After locating the line that contains "Sky Cabin Apartments", output that line and each one following it, exactly, to the end of the entries. No pictures.

Input data section start

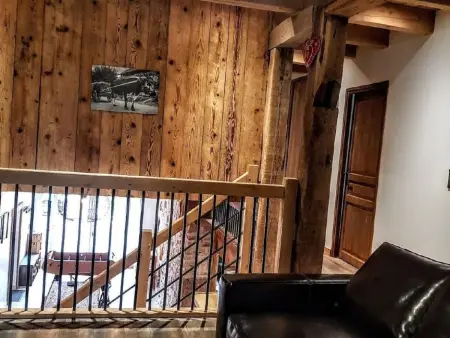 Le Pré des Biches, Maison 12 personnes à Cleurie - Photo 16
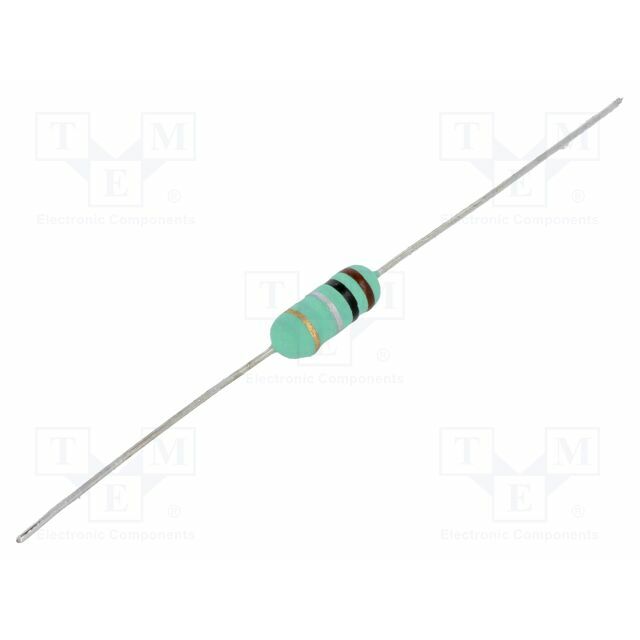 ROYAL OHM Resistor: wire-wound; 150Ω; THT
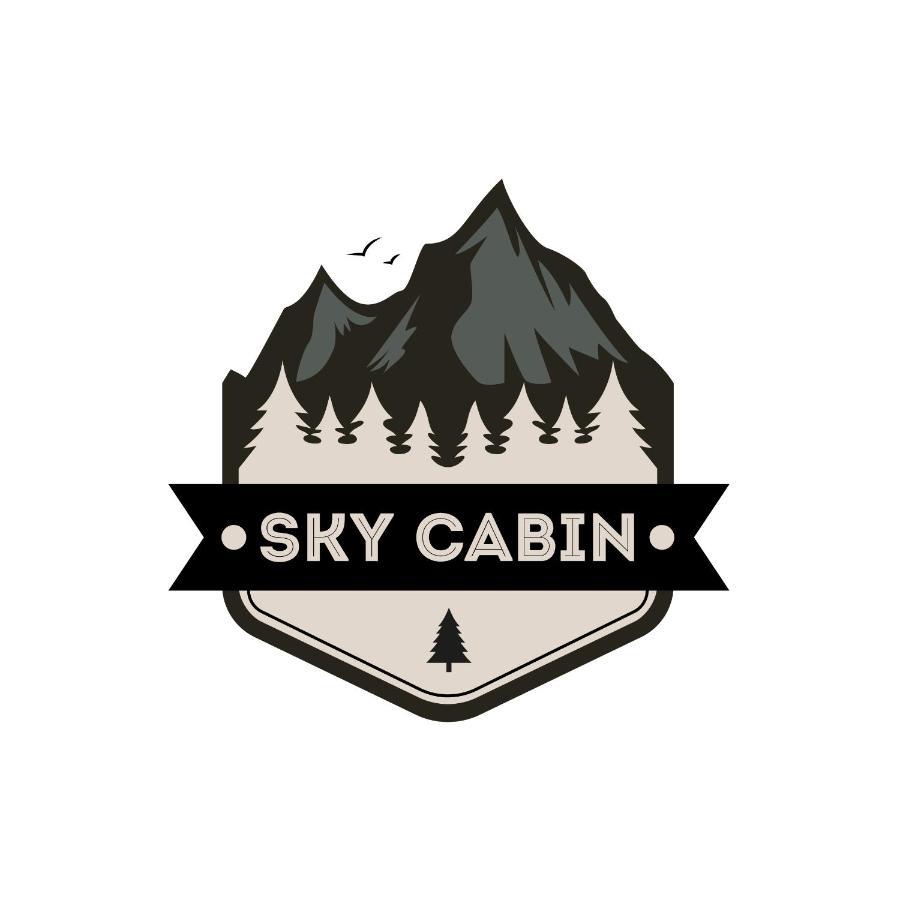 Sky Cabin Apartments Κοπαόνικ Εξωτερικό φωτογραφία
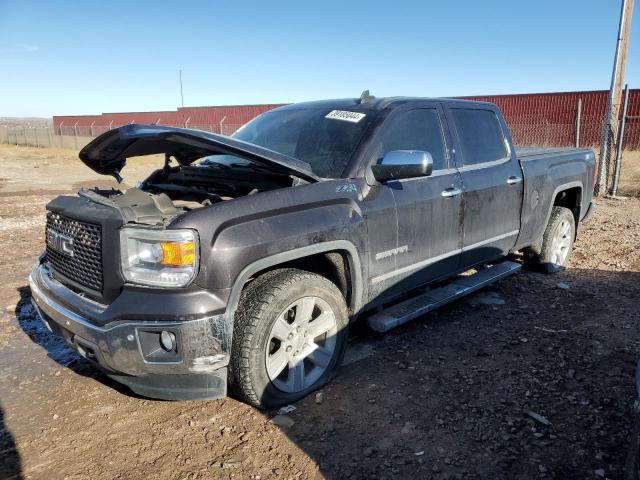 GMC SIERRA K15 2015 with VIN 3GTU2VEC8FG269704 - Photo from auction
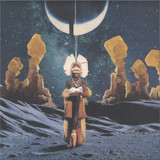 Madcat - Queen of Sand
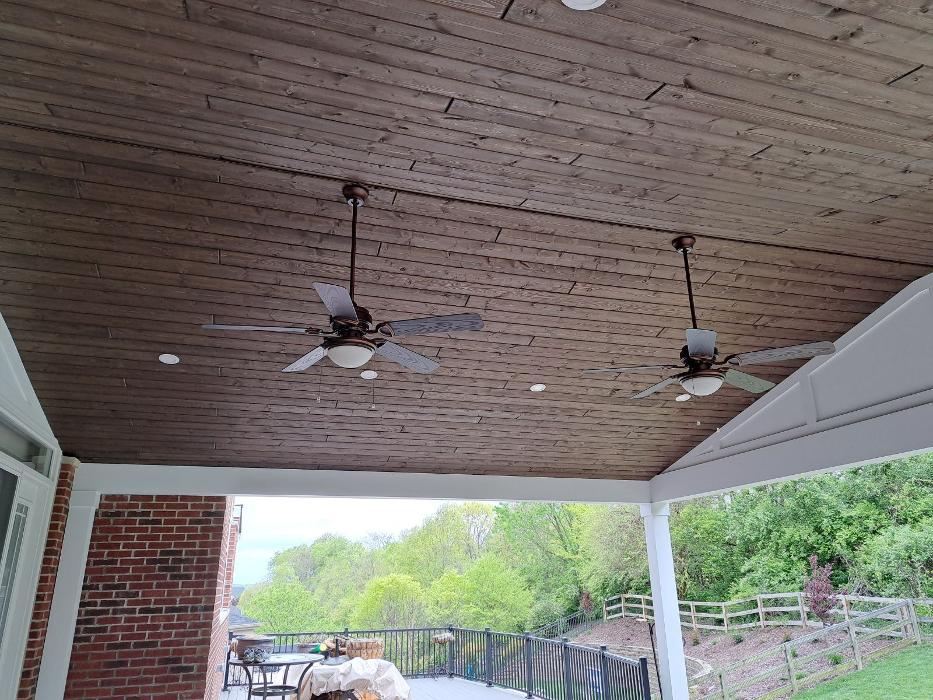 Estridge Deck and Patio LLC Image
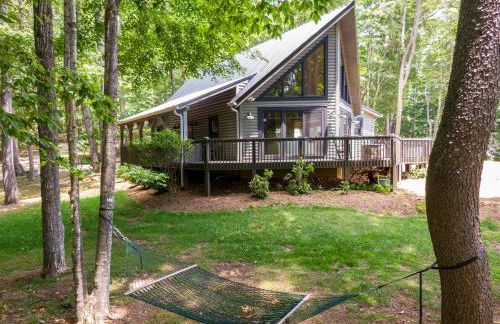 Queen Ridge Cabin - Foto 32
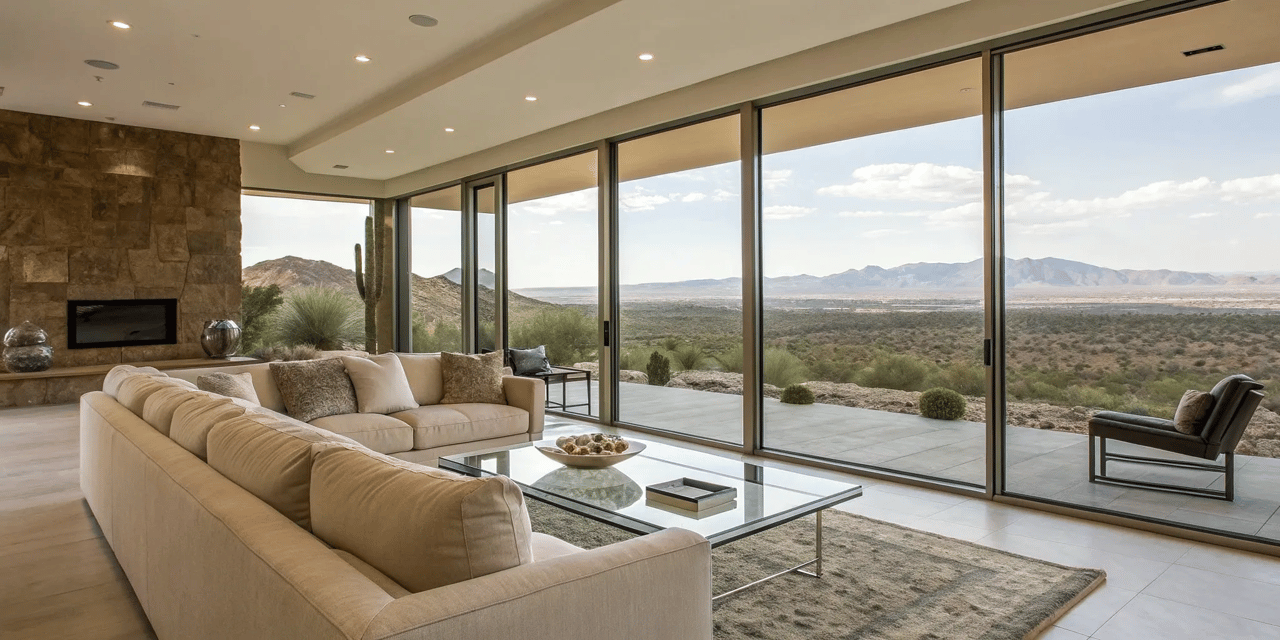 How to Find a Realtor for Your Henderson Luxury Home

Input data section end

» Task solution
 Sky Cabin Apartments Κοπαόνικ Εξωτερικό φωτογραφία
 GMC SIERRA K15 2015 with VIN 3GTU2VEC8FG269704 - Photo from auction
 Madcat - Queen of Sand
 Estridge Deck and Patio LLC Image
 Queen Ridge Cabin - Foto 32
 How to Find a Realtor for Your Henderson Luxury Home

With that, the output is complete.